# Problem Breakdown

### Problem Statement: 
XYZ Company is a manufacturer of household cleaning products, operating across four different countries with an annual revenue of USD 800 million. Their manufacturing plant relies on over 30 industrial pumps to produce their range of detergents, shampoos, and other cleaning supplies. Recently, one of their pumps has failed unexpectedly seven times in the last six months, causing significant production losses estimated at USD 500,000, in addition to environmental damage caused by spilled toxic chemicals amounting to USD 300,000. To avoid such problems in the future, XYZ Company is keen to identify anomalies in pump behavior and take corrective action before the pump fails. By implementing a system that can detect and flag unusual pump behavior, the company aims to prevent any hard failures and minimize production losses and environmental damage.


### Problem Context: 
Manufacturing industry relies on heavy machinery, including motors, pumps, pipes, furnaces, and conveyors. Asset Management programs prioritize equipment integrity and reliability to avoid production losses, which can result in financial losses of hundreds of thousands or millions of dollars.
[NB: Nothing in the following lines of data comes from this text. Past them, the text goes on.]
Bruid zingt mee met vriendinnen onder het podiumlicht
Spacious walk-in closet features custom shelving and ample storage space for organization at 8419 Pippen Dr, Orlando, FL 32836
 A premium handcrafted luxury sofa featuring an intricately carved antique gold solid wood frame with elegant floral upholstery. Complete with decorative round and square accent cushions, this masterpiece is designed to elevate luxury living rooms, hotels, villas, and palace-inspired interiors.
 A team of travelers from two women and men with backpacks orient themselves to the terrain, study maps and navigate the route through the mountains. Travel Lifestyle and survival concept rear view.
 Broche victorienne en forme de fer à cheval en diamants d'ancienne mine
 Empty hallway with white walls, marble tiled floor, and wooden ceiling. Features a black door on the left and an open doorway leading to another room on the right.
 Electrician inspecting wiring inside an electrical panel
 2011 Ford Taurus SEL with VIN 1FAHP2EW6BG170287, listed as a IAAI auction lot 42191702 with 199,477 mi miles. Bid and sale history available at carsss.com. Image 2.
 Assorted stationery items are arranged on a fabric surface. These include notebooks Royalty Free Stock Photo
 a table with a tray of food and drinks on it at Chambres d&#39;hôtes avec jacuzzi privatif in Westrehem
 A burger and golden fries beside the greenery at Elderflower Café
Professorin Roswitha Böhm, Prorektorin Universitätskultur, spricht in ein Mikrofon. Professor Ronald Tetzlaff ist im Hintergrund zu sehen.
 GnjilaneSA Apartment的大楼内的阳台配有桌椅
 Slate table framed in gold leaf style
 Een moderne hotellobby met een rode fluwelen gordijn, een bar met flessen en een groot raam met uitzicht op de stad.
Robust Asset Management frameworks, including skilled Reliability Engineers, can detect anomalies and prevent unplanned downtime, unnecessary maintenance, and critical component shortages. These prevention measures can save manufacturing plants significant financial losses due to unplanned downtime, maintenance costs, and excess or shortage of critical components

### Solution: 
Model with good accuracy score with zero rework


### Scope 
This project focuses solely on identifying anomalies in the 53 sensors of the chosen pump and does not encompass other pumps. It also does not involve predicting potential pump failures.


### Solution 
My approach involves creating a benchmark model using the IQR technique, and then implementing two other unsupervised learning algorithms to compare their performances and accuracies. To achieve this, I will undertake the following steps:

- Source and load the data 
- Perform data wrangling
- Conduct Exploratory Data Analysis (EDA)
- Carry out pre-processing and feature engineering
- Develop models: IQR and K-Means
- Evaluate the models: 

### Result of Analysis: 
Kmeans comes on top v/s IQR model with accuracy of 87.7% v/s 86.6%


In [None]:
# This Python 3 environment comes with many helpful analytics libraries installed
# It is defined by the kaggle/python Docker image: https://github.com/kaggle/docker-python
# For example, here's several helpful packages to load

import numpy as np # linear algebra
import pandas as pd # data processing, CSV file I/O (e.g. pd.read_csv)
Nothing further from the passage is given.